Suppose I have a contour, defined by a polynomial equation, e.g. y = A*x^1/2 + B*x + C*x^2 + D*x^3 + E*x^4. What I'd like to do is sample it at x values where the distances between points on the contour are the same distance.

What's a good approach?

It's pretty easy to take the derivative of the equation to get the instantaneous slope at any point. And I can do a fine sampling and sum distances between points for approximate length of the surface.

Suggestions for the best way to approach this problem?

Thanks in advance.

L.

Q. When you pat a dog on its head he will wag his tail. What will a goose do?
A. Paul Lynde: "Make him bark?"

Alan Hahn:
This is thinking out loud.

let ds=sqrt(dy^2+dx^2)--->where ds is an infinitesimal of s, the path length.

dy = (1/2A/sqrt(x)+B+2Cx+3Dx^2+4Ex^3)dx, (just the derivative of y(x) ---I don't vouch for mistakes!)

so ds =sqrt{(1/2A/sqrt(x)+B+2Cx+3Dx^2+4Ex^3)^2 +1} dx

s=integral of ds from x=0 to end, then if you want N points total, delta_s=s/N (+- 1 point, always get that wrong).

So now numerically integrate step by step (delta_s) from s=0 to s=end.

Not sure if there is an easier way or not.

Piece of cake!

Larry Cunningham:
Wow, Alan what service! Thanks kindly.

Below are plots of the representative NACA00nn curve I was dealing with, and its slope.

The only thing I see is that the integration involves a lot of tiny steps of x, it's a bit iterative, which is what
I was trying to avoid. However, I have this very fast computer with dual Xeon quad CPUs, so it's not a real problem.

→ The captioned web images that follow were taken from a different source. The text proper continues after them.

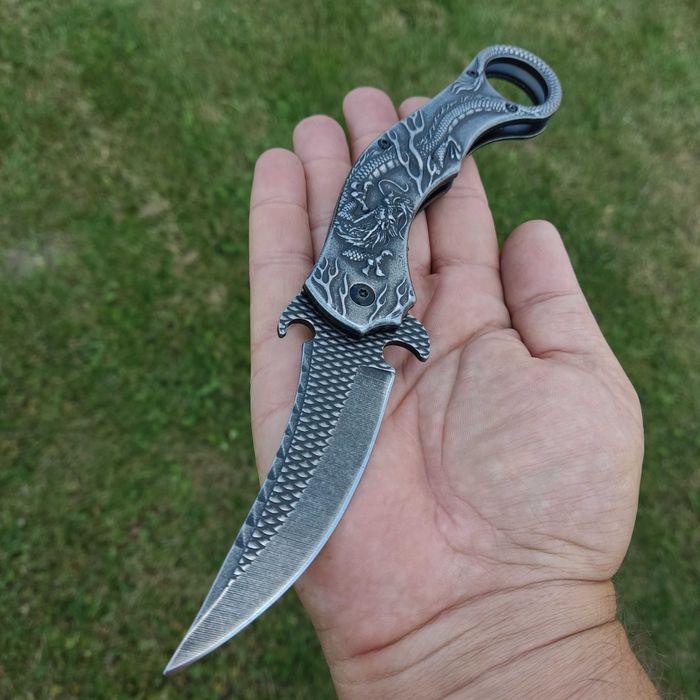 Nóż Taktyczny Karambit FULL METAL 3d Dragon KR7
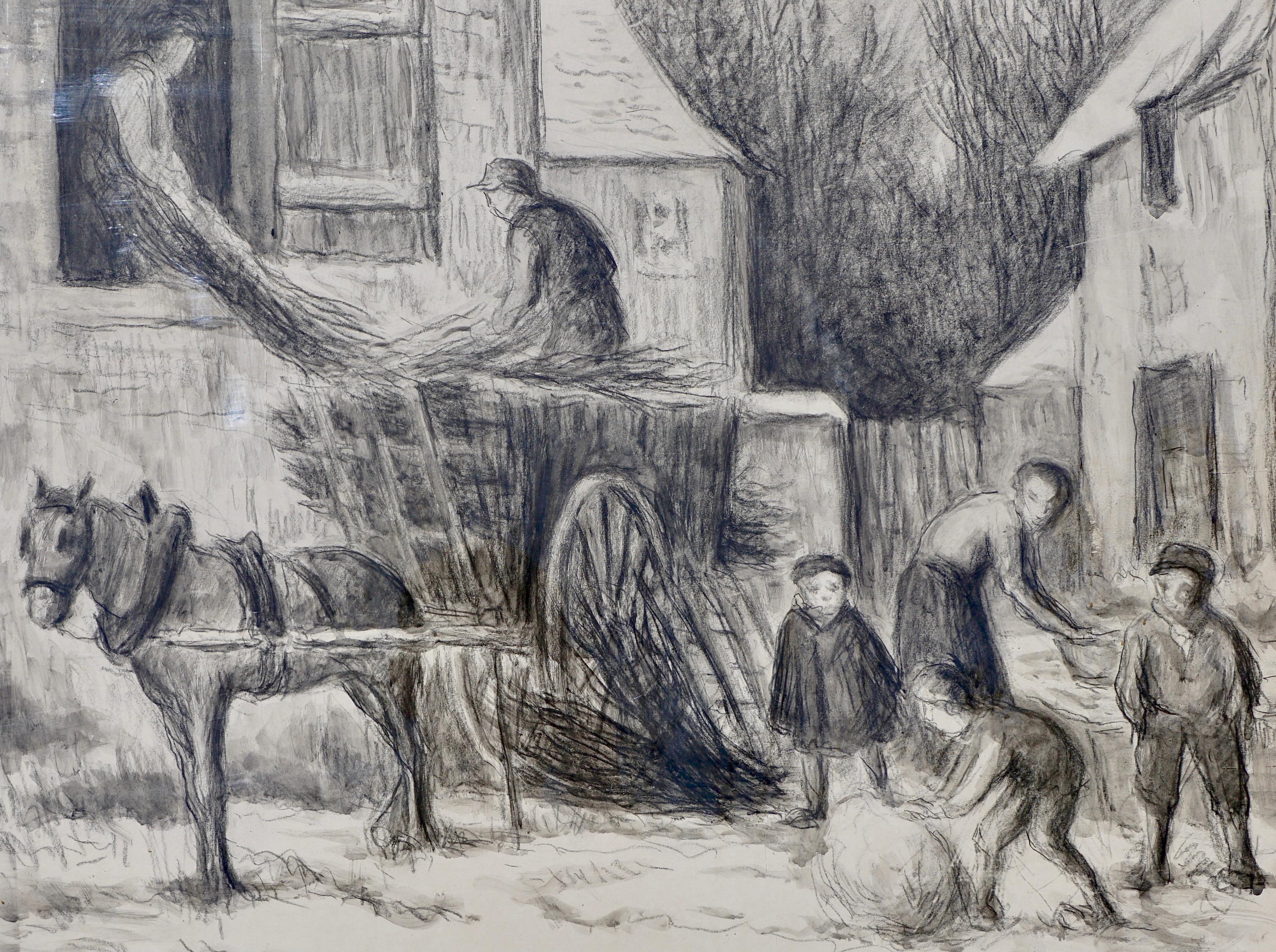 Grande disegno a tecnica mista con scena di fattoria di Maximilien Luce in vendita 2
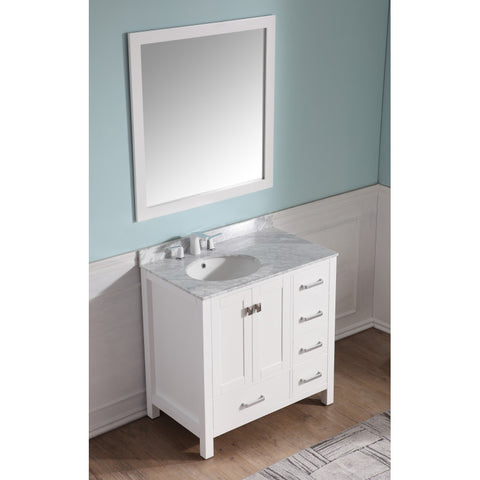 Chateau 36 in. W x 22 in. D Bathroom Bath Vanity Set with Carrara Marble Top with White Sink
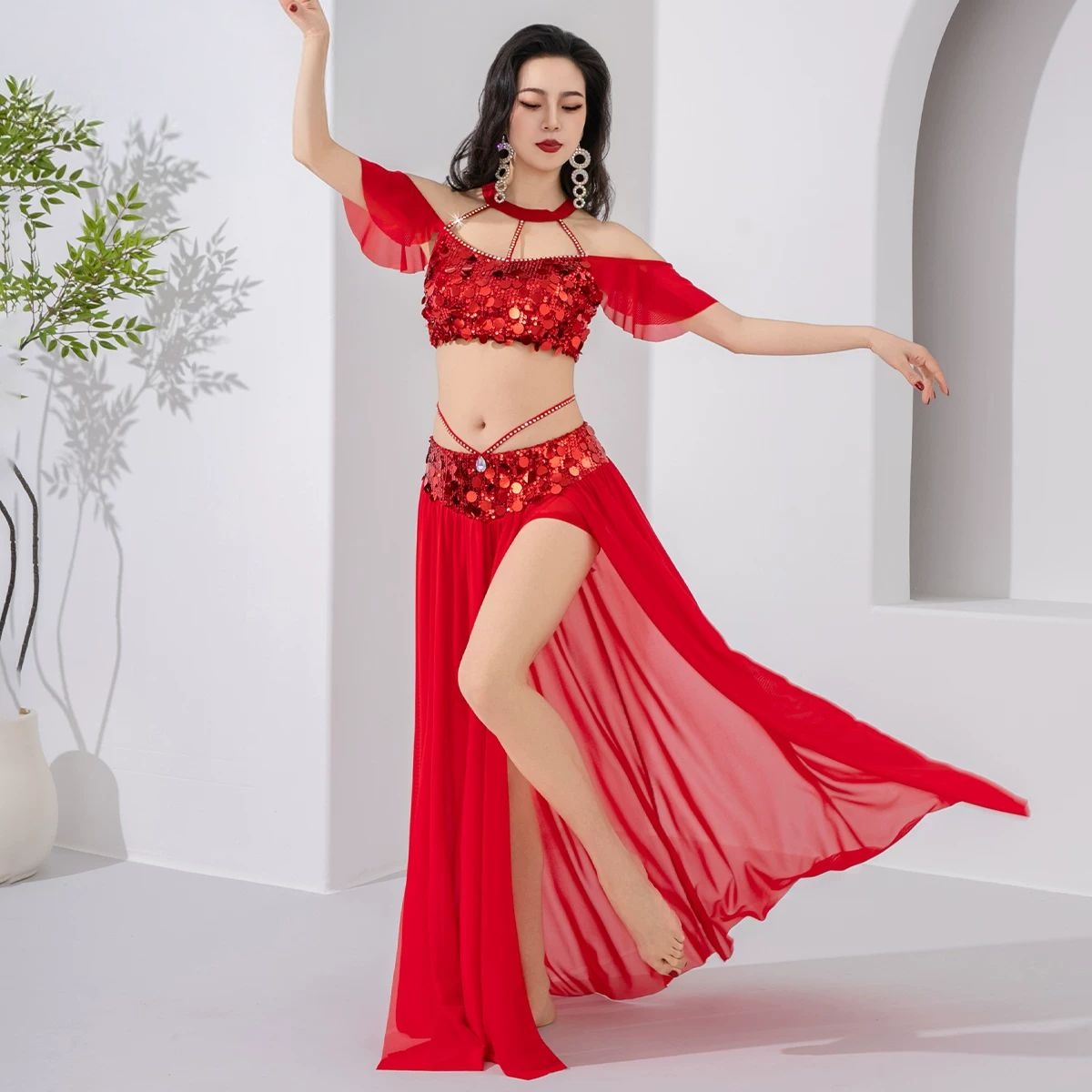 Tenue de Danse Orientale Élégante avec Paillettes Scintillantes, Jupe Longue Brillante, Haut Halter pour Filles et Groupes de Danse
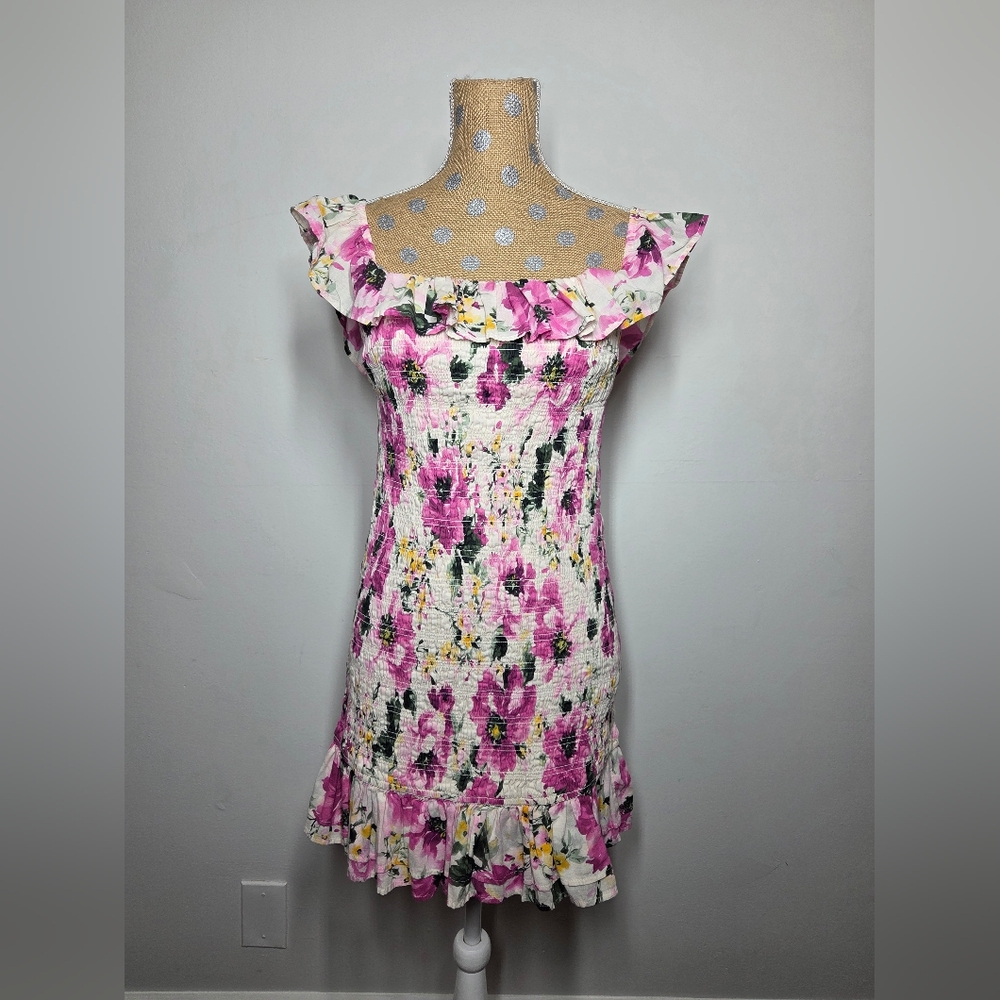 Abercrombie & Fitch Y2K 90S Floral Smocked 100% Cotton Mini Dress sz LP Ruffle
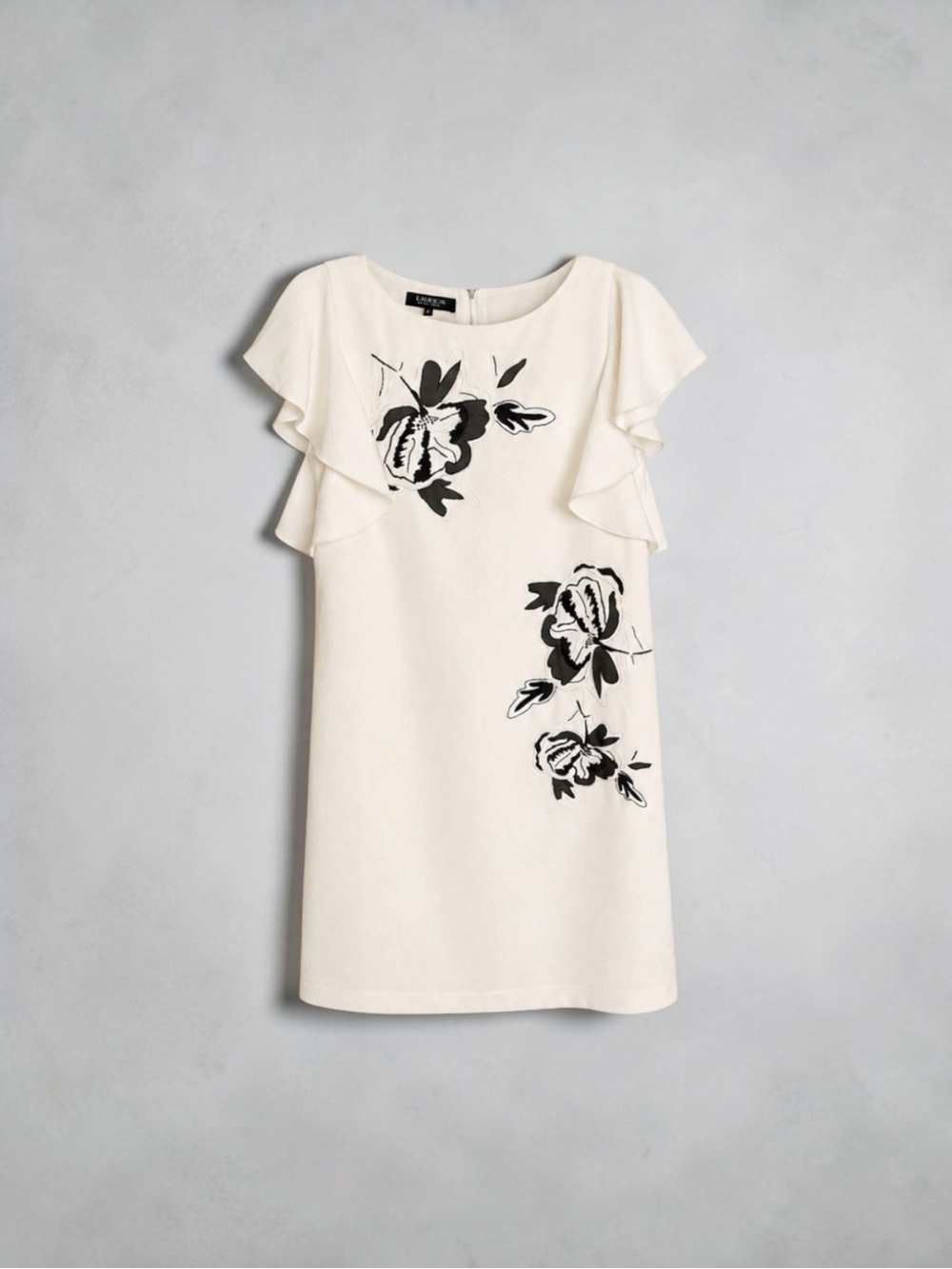 Lafayette 148 NY Ivory Beaded Floral Shift Dress Small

Essentially, we are moving x in tiny steps, and measuring distance to the previous point, until we have the distance we
want. I might take the last x step, and adjust it based on the distance error, so it converges to the proper value. I could
set a practical tolerance on the error. This would leave out the slope, I'd just be calculating a hypotenuse of a dx and dy
right triangle, square root of sum of squares.

What do you think? Iterative solutions may not be so pure mathematically, but why not? That's what we have computers for.

Thanks,

L.

"The learned is happy, nature to explore; The fool is happy, that he knows no more." -Alexander Pope

Alan Hahn:
Larry,
I'm kind of an iterative guy, and you are right that cpu power is cheap!

Analytically you could try to solve the integral equation for x(s) (and for y once you have x), but that looks pretty complicated to me, so that's why I think the iterative approach is faster (in "real" time), and plenty "good enough".

Larry Cunningham:
Alan,

I believe we are thinking much alike here. I once told my computer science professor that
I despised computers (from working on them) and liked to write programs to punish them as
much as possible. My term for that was making it "Compute the Moon".. ;->

Although I have the NACA00nn equation for the airfoil that I always use for my own models, it
would be nice to read in a set of coordinates for any contour (perhaps interpolate using some
reasonable spline fit) and find equidistant points on the contour. I could implement a plug-in
"contour generator" which returns points on the contour for a normalized horizontal x position;
my crude iterative convergent method could be generic.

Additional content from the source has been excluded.